Announcements and discussions for Gnus, the GNU Emacs Usenet newsreader
 help / color / mirror / Atom feed
* nnml article filenames
@ 2005-10-28 12:05 Pranav K. Tiwari
  2005-10-28 13:30 ` Steve Youngs
  0 siblings, 1 reply; 6+ messages in thread
From: Pranav K. Tiwari @ 2005-10-28 12:05 UTC (permalink / raw)




To allow desktop search programs go through nnml articles, I would like
to give an extension like .xyz, and tell these programs to treat these
files like email.

For doing that, I am trying to see if nnml can store articles as 1.xyz,
2.xyz etc. rather than  1, 2, ..

I have been able get it to read these articles appropriately, by
modifying 'nnml-article-to-file (article)', such that it looks for a
file 1.xyz for the article 1. But, while saving messages into the group,
this function is not called.

How can I change the names of files in which the articles are stored?

thx,
-- 
Pranav Tiwari.


^ permalink raw reply	[flat|nested] 6+ messages in thread

* Re: nnml article filenames
  2005-10-28 12:05 nnml article filenames Pranav K. Tiwari
@ 2005-10-28 13:30 ` Steve Youngs
  2005-10-31  5:29   ` Pranav K. Tiwari
  0 siblings, 1 reply; 6+ messages in thread
From: Steve Youngs @ 2005-10-28 13:30 UTC (permalink / raw)
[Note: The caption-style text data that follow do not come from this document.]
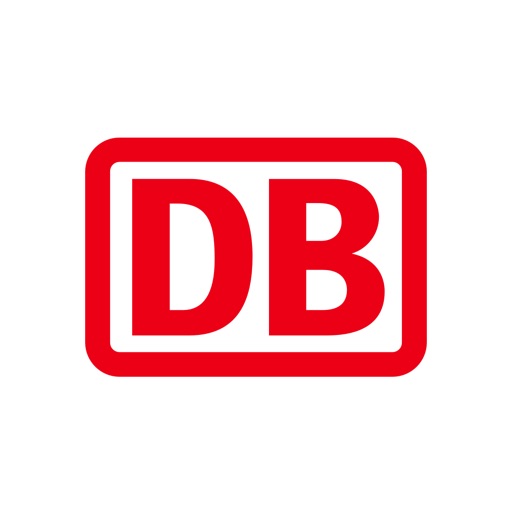 DB Navigator app screenshot by Deutsche Bahn - appdatabase.net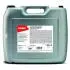 Олива 10W30 HIGHTEC TRUCKSTAR HCK-LA (20L) (MB 228.31/MAN 3775/DEUTZ DQC III-LA/WSS-M2C171-F1) Rowe 20380-0200-99 (фото 1)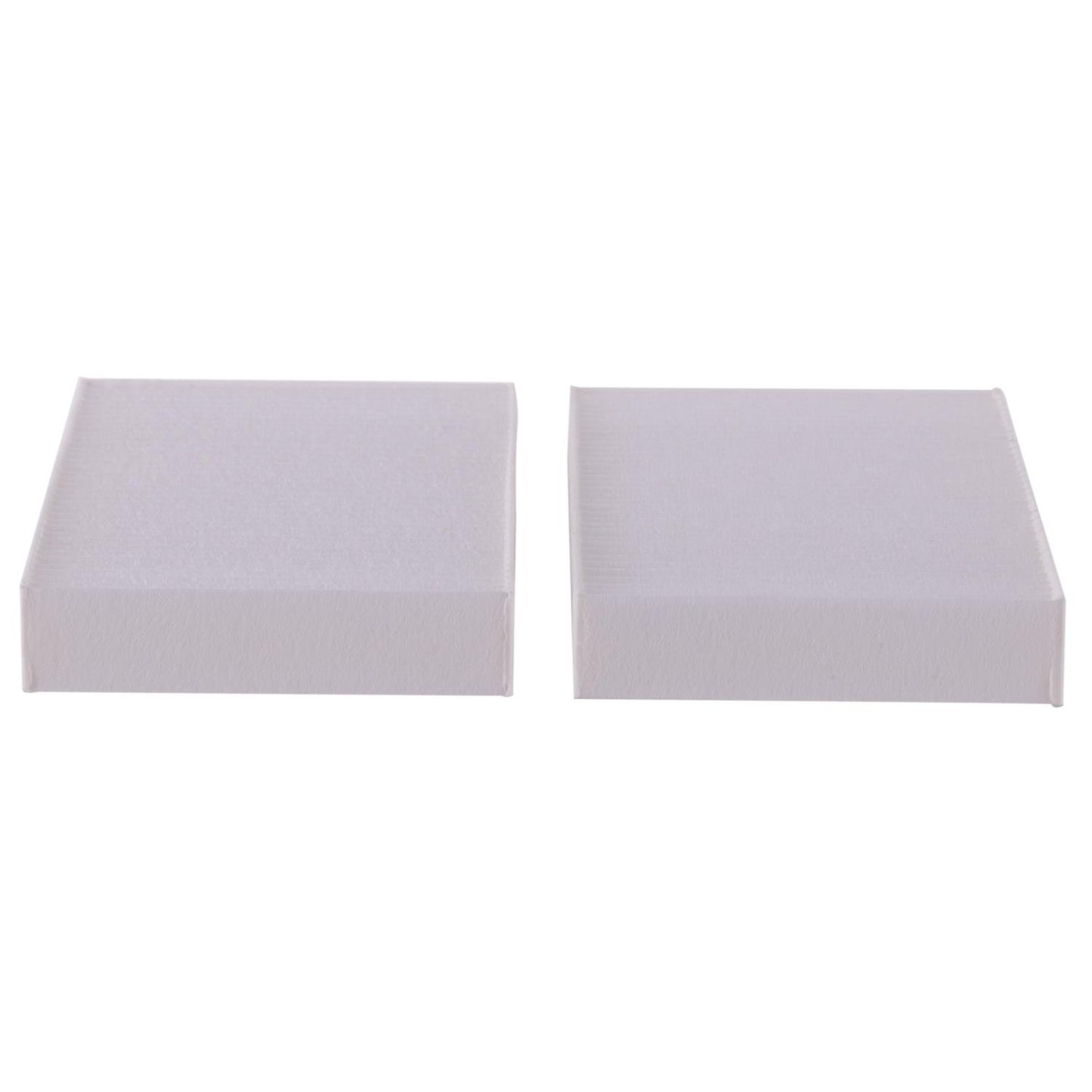 Pronto Cabin Air Filter PC9093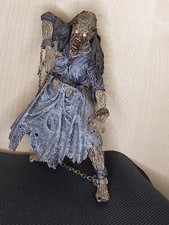 Neca evil dead for sale  DELABOLE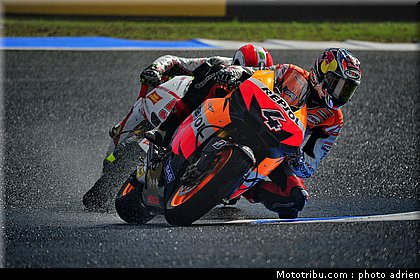 motogp_dovizioso_7.JPG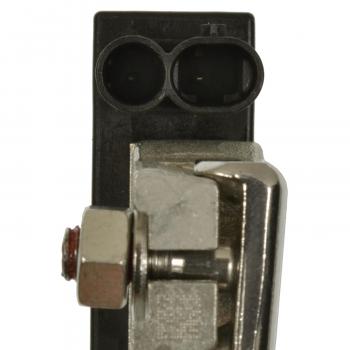2017 Mercedes-Benz CLA45 AMG Battery Current Sensor BWD CTB107 image 3 of 3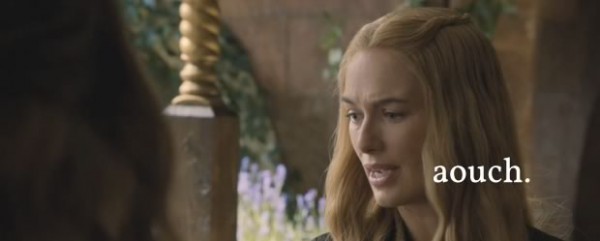 game-of-thrones-s05e03-25 game-of-thrones-s05e03-25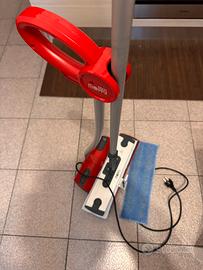 Polti Moppy originale con scatola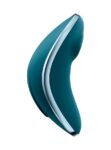 Viva La Vulva 1 Bleu (2)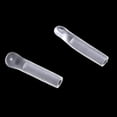 thumbnail image 3 of 20/30/50pcs Quick Change Float Adaptors Match Floats, 3 of 7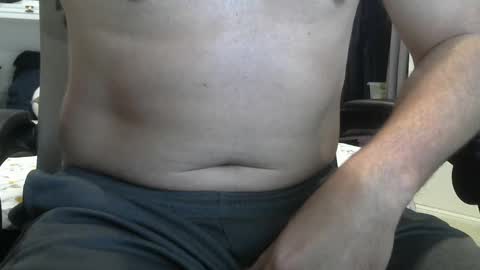 callmeroger33 online show from September 30, 4:06 pm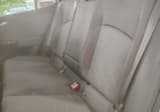 A vendre VOLKSWAGEN ID.3 Life Max 2025 occasion photo 13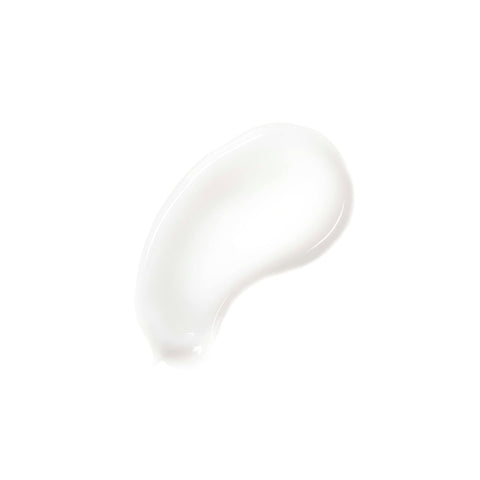 Neutrogena Makeup Melting Refreshing Jelly Cleanser, 7% Emollient-Vitamin Complex, Gentle Face & Eye Makeup Remover to Melt Stubborn Makeup, Cleanse & Condition Skin, Oil-Free, 6.3 fl. oz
* Pranav K Tiwari <jpranav@cisco.com> writes:

  > To allow desktop search programs go through nnml articles, I would
  > like to give an extension like .xyz, and tell these programs to
  > treat these files like email.

I think this is the wrong approach.  Instead of modifying the
filenames to suit the search program, find a way to make the search
program work properly.

It's really not that difficult, see...

   $ find <nnmldir> -type f -regex '^.*[0-9]+$'

-- 
|---<Steve Youngs>---------------<GnuPG KeyID: A94B3003>---|
|                   Te audire no possum.                   |
|             Musa sapientum fixa est in aure.             |
|----------------------------------<steve@youngs.au.com>---|


^ permalink raw reply	[flat|nested] 6+ messages in thread

* Re: nnml article filenames
  2005-10-28 13:30 ` Steve Youngs
@ 2005-10-31  5:29   ` Pranav K. Tiwari
  2005-10-31  7:30     ` Steve Youngs
  0 siblings, 1 reply; 6+ messages in thread
From: Pranav K. Tiwari @ 2005-10-31  5:29 UTC (permalink / raw)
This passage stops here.